Everybody is browsing the Internet on a day-to-day basis. Whether you are looking for a piece of specific information, need to quickly find an answer to a quiz question to impress your friends, or just feel like googling something to get away from work, you will most likely come across a Rich Snippet as seen on the screenshot above (two sentences in, and we’ve already scratched the topic; nice right?). While typical search results offer fewer data than rich results such as title, meta description, and URL of a webpage, rich snippets offer us additional website data such as reviews, recipes, and events; these are more eye-catching and will most likely generate an increase in click rate; that’s their main benefit.


As an owner of a Shopify store, you might have more interest in Google suggesting rich snippets for your store rather than regular search results. To implement this, it is crucial to add structured data markup to your website. 

You need to have skills in Shopify Liquid, HTML, JSON-LD, and schema.org, but even for an experienced Shopify developer, it could be challenging to know how to implement the exact type of data and properties for your Shopify store.

Luckily, you came to the right place! At HulkApps, we provide expert services for Structured Data & Schema Markup Setup, teaching you how to add structured data to your Shopify store whenever you need to do so... Hopefully, by the end of this article, our  expertise and experience will help you improve your understanding of structured data and show you ways to implement and use it properly.

Additionally, if you need instructions and guidance with specific schema.org data properties, we can help out with that as well!

What is Shopify Structured Data?

The screenshot below shows a structured data markup.

Shopify - Structured Data For Shopify : The Ultimate Guide

And this is how it looks like when implemented:

Shopify - Structured Data For Shopify : The Ultimate Guide

Search engines can find structured data markup valuable in finding more information about the website and its related content. As you implement structured data, it helps sieve information for Google that further encompasses ecommerce data such as quality ranking, price tags, and product reviews.

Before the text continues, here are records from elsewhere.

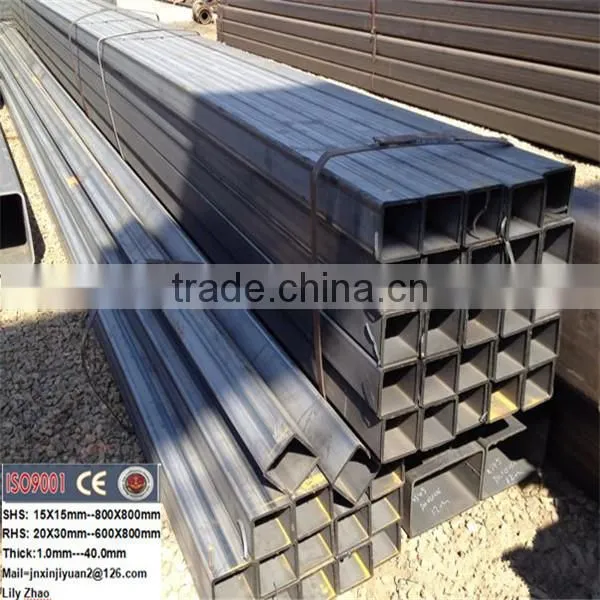 Rectangular/square Tube/pipe/hollow Section Galvanized/black Annealing at Low Price photo-2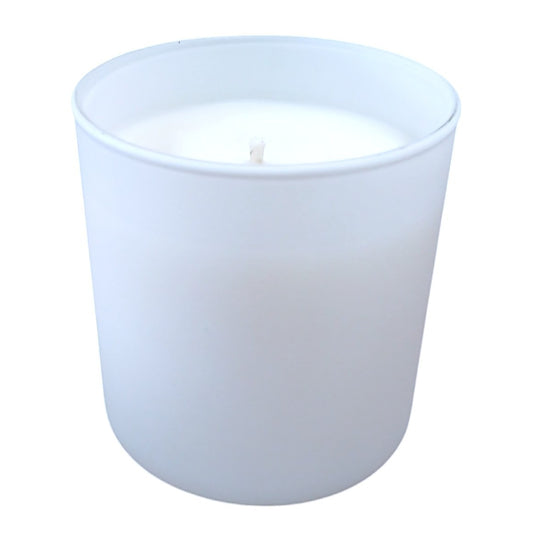 Wyx White Glass Candle Tumbler (8.5oz)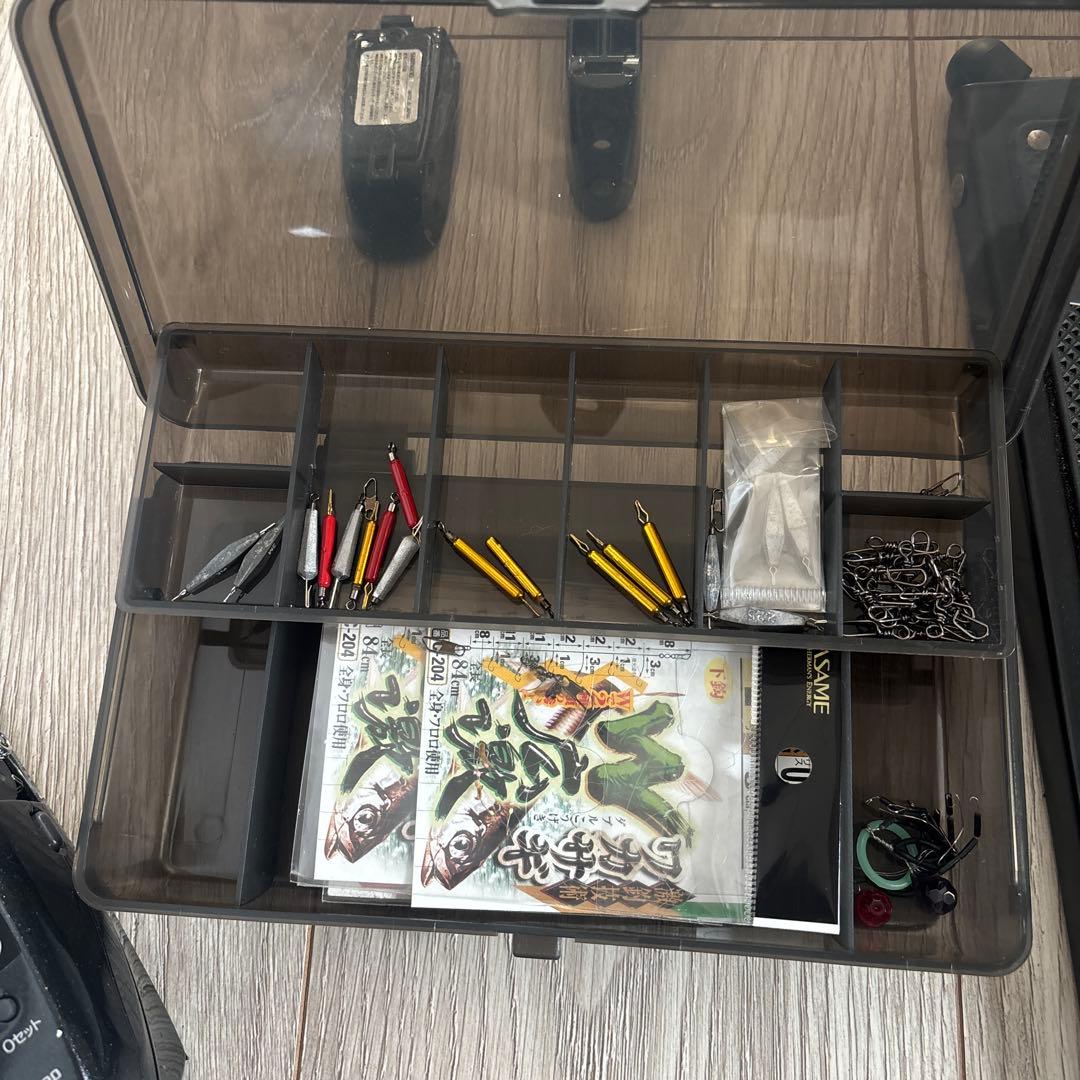 ワカサギ釣りセット　シマノ　ワカサギマチックDDM 竿　仕掛け　付き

You can also utilize Google to harness information related to your business, such as your business logo, address, contact information, and social media pages, which is crucial in today's commerce.

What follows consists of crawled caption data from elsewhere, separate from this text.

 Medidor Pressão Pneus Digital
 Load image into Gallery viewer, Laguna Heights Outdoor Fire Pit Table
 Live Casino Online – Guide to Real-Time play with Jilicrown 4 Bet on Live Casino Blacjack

Why does Google recommend  such information?

Using structured data is essential for search engines and web systems that  analyze your website. It enables Google to improve the accuracy rate while  analyzing it and it also provides full and complete details about your web pages.

Additionally, structured data is a key factor for creating rich snippets, as Google can easily automate the product feed for Google Shopping Ads. 

Side Note:

Google does not keep any data that confirms it creates  rich snippets even if webpages are marked up with structured data. An explicit statement can be found in Google's Structured Data Guidelines:

However, if your website ingests structured data markup, in most cases, Google will ensure your website comes up rich snippets.

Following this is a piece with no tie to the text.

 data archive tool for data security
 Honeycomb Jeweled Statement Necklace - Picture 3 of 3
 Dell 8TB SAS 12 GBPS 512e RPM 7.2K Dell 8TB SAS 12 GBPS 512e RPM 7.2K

Structured Data Formats & Schemas

Structured Data Formats

According to the Google Webmaster Blog, a small line of fixed data structures that help encode descriptive data are called structured data formats.

Structured data formats are comprised of three types, which are: 

JSON-LD

Microdata

RDFa

As Google recommends using JSON-LD for structured data, we can safely say it’s their favorite format.

Shopify - Structured Data For Shopify : The Ultimate Guide

Source: Google, Understand how structured data

The takeaway: If you are using RDFa or Microdata, Google insists on JSON-LD migration. The reason behind this is because JSON-LD is faster and more user friendly, with flexible updates. Apart from being dynamically data compatible, it also reduces the effort needed to work with HTML codes to display structured data's whereabouts.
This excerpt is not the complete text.